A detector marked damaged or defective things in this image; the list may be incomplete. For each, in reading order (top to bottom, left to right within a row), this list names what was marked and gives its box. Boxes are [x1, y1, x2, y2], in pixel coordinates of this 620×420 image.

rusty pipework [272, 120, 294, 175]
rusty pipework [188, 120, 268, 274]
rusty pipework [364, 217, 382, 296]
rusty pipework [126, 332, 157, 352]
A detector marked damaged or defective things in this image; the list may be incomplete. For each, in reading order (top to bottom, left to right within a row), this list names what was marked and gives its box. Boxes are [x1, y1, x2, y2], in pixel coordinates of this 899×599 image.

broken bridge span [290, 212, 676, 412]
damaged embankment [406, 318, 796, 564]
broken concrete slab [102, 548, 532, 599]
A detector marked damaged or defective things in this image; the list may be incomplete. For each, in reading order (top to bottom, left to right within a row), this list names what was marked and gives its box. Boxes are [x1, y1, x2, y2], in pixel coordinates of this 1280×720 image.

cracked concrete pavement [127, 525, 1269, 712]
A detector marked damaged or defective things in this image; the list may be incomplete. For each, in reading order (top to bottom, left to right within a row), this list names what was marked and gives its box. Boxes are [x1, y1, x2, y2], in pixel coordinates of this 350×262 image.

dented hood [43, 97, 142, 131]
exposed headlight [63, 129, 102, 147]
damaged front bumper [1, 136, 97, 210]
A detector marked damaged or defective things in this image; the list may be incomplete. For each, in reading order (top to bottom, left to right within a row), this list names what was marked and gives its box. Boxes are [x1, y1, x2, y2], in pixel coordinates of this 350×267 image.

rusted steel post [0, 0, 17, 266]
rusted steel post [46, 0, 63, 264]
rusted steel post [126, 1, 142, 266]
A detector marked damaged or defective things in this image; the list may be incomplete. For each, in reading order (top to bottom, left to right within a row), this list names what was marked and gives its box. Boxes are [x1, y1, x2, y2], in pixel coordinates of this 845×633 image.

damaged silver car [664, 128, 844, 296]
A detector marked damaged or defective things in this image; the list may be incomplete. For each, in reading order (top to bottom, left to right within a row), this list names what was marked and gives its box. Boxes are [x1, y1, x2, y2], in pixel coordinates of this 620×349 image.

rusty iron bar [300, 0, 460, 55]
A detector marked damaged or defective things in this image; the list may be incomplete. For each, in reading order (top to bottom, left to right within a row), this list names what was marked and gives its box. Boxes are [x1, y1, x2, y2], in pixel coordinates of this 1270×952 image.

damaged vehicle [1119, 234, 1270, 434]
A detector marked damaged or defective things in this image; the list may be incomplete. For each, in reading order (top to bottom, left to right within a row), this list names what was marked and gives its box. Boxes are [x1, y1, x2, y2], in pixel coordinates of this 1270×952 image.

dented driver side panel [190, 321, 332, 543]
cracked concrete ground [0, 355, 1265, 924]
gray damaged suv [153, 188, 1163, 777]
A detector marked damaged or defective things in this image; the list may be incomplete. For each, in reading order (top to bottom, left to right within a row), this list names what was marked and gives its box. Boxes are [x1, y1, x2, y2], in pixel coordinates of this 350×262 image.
........
_THE PROBLEM_:
Your answer should consist of every entry, repeated exactly.

_RESULT OF THIS TASK_:
A detector marked damaged or defective things in this image; the list may be incomplete. For each, in reading order (top to bottom, left to right within a row), this list names what was marked and gives its box. Boxes are [x1, y1, x2, y2], in pixel coordinates of this 620×420 image.

rusty pipework [272, 120, 294, 175]
rusty pipework [188, 120, 268, 274]
rusty pipework [364, 217, 382, 296]
rusty pipework [126, 332, 157, 352]
A detector marked damaged or defective things in this image; the list may be incomplete. For each, in reading order (top to bottom, left to right within a row), this list names what was marked and gives its box. Boxes are [x1, y1, x2, y2], in pixel coordinates of this 899×599 image.

broken bridge span [290, 212, 676, 412]
damaged embankment [406, 318, 796, 564]
broken concrete slab [102, 548, 532, 599]
A detector marked damaged or defective things in this image; the list may be incomplete. For each, in reading order (top to bottom, left to right within a row), this list names what was marked and gives its box. Boxes are [x1, y1, x2, y2], in pixel coordinates of this 1280×720 image.

cracked concrete pavement [127, 525, 1269, 712]
A detector marked damaged or defective things in this image; the list may be incomplete. For each, in reading order (top to bottom, left to right within a row), this list names what was marked and gives its box. Boxes are [x1, y1, x2, y2], in pixel coordinates of this 350×262 image.

dented hood [43, 97, 142, 131]
exposed headlight [63, 129, 102, 147]
damaged front bumper [1, 136, 97, 210]
A detector marked damaged or defective things in this image; the list may be incomplete. For each, in reading order (top to bottom, left to right within a row), this list names what was marked and gives its box. Boxes are [x1, y1, x2, y2], in pixel coordinates of this 350×267 image.

rusted steel post [0, 0, 17, 266]
rusted steel post [46, 0, 63, 264]
rusted steel post [126, 1, 142, 266]
A detector marked damaged or defective things in this image; the list may be incomplete. For each, in reading order (top to bottom, left to right within a row), this list names what was marked and gives its box. Boxes are [x1, y1, x2, y2], in pixel coordinates of this 845×633 image.

damaged silver car [664, 128, 844, 296]
A detector marked damaged or defective things in this image; the list may be incomplete. For each, in reading order (top to bottom, left to right within a row), this list names what was marked and gives its box. Boxes are [x1, y1, x2, y2], in pixel coordinates of this 620×349 image.

rusty iron bar [300, 0, 460, 55]
A detector marked damaged or defective things in this image; the list may be incomplete. For each, in reading order (top to bottom, left to right within a row), this list names what was marked and gives its box. Boxes are [x1, y1, x2, y2], in pixel coordinates of this 1270×952 image.

damaged vehicle [1119, 234, 1270, 434]
A detector marked damaged or defective things in this image; the list may be incomplete. For each, in reading order (top to bottom, left to right within a row), this list names what was marked and gives its box. Boxes are [x1, y1, x2, y2], in pixel coordinates of this 1270×952 image.

dented driver side panel [190, 321, 332, 543]
cracked concrete ground [0, 355, 1265, 924]
gray damaged suv [153, 188, 1163, 777]
A detector marked damaged or defective things in this image; the list may be incomplete. For each, in reading order (top to bottom, left to right within a row), this list names what was marked and gives its box. Boxes are [x1, y1, x2, y2], in pixel coordinates of this 350×262 image.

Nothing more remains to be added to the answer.